The MS Office suite is far more user friendly than the alternatives.
I still use Libre Office on Ubuntu and I wonder why they chose to be so different. It would be great if they could completely copy MS Office in UI/UX, but there's probably some kind of copyright there right?
The thing is, OpenOffice (and by descent LibreOffice) did copy MS Office's UI/UX. Then Microsoft switched to the "Ribbon" interface, throwing all that shared knowledge out the window. Recreating the Ribbon in LibreOffice is an active development task, last I checked.
I don't recall the outcome of that "Apple claims ownership of rounded corners" lawsuit, but I suspect (being absolutely not a lawyer) that'd be the relevant case law.
This really depends on the Google v Oracle lawsuit currently. If Oracle wins then the remains of VisCalc will have a copyright claim against everyone...

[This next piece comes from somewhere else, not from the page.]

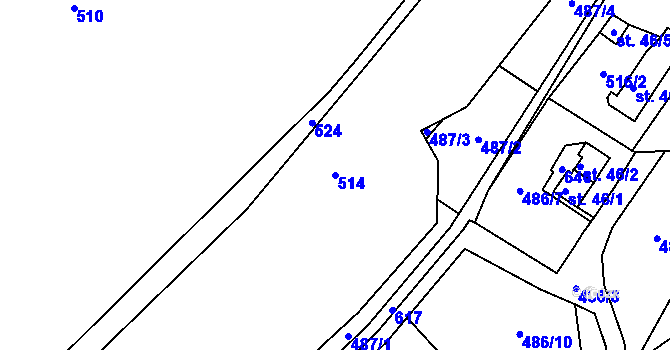 Parcela st. 514 v KÚ Pastviny, Katastrální mapa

Microsoft successfully sued Corel for design patent infringement related to the ribbon interface. Corel had a “Word mode” in WordPerfect X7. The damages were about a quarter million dollars. YMMV.
Oracle v Google is copyright as applied to API’s. Different laws. Patents expire more quickly.
It's a very effective form of distributed / peer to peer lock in.
Even if you individually (yourself or your company) would be willing to move to some decent alternative (they do exist), you will still be exchanging files with people who are more locked in than you (e.g. banks/finance), because of custom plug-ins, custom macros, etc.
If I wanted to compete with Excel I would start with a plugin / add-in or complement tool and work my way from there. Some companies are probably doing it. They're not really replacing Excel itself but capturing some of the value away from Microsoft.
Powerpoint's for sending information to and between C-level folks. It's basically the only file format you can send them that they'll maybe actually open. Its use in actual presentations is secondary.
Don’t get me wrong. I’m a GNU fanboy at heart. But I dont believe in magically willing well engineered software into existence. It takes resources fungible with money. Projects with cash are at an advantage. Projects with cash, motivation and years of experience in the codebase are the ones that dominate. Not starting from scratch becomes a huge advantage.
A new project in a space needs to find an unserved market segment with resources fungible with money. That’s why successful developers’ tools are easy and CAD programs hard.
If you want to make an alternative, just make it and learn from what happens. Because what everyone wants is a free iPhone. Good luck.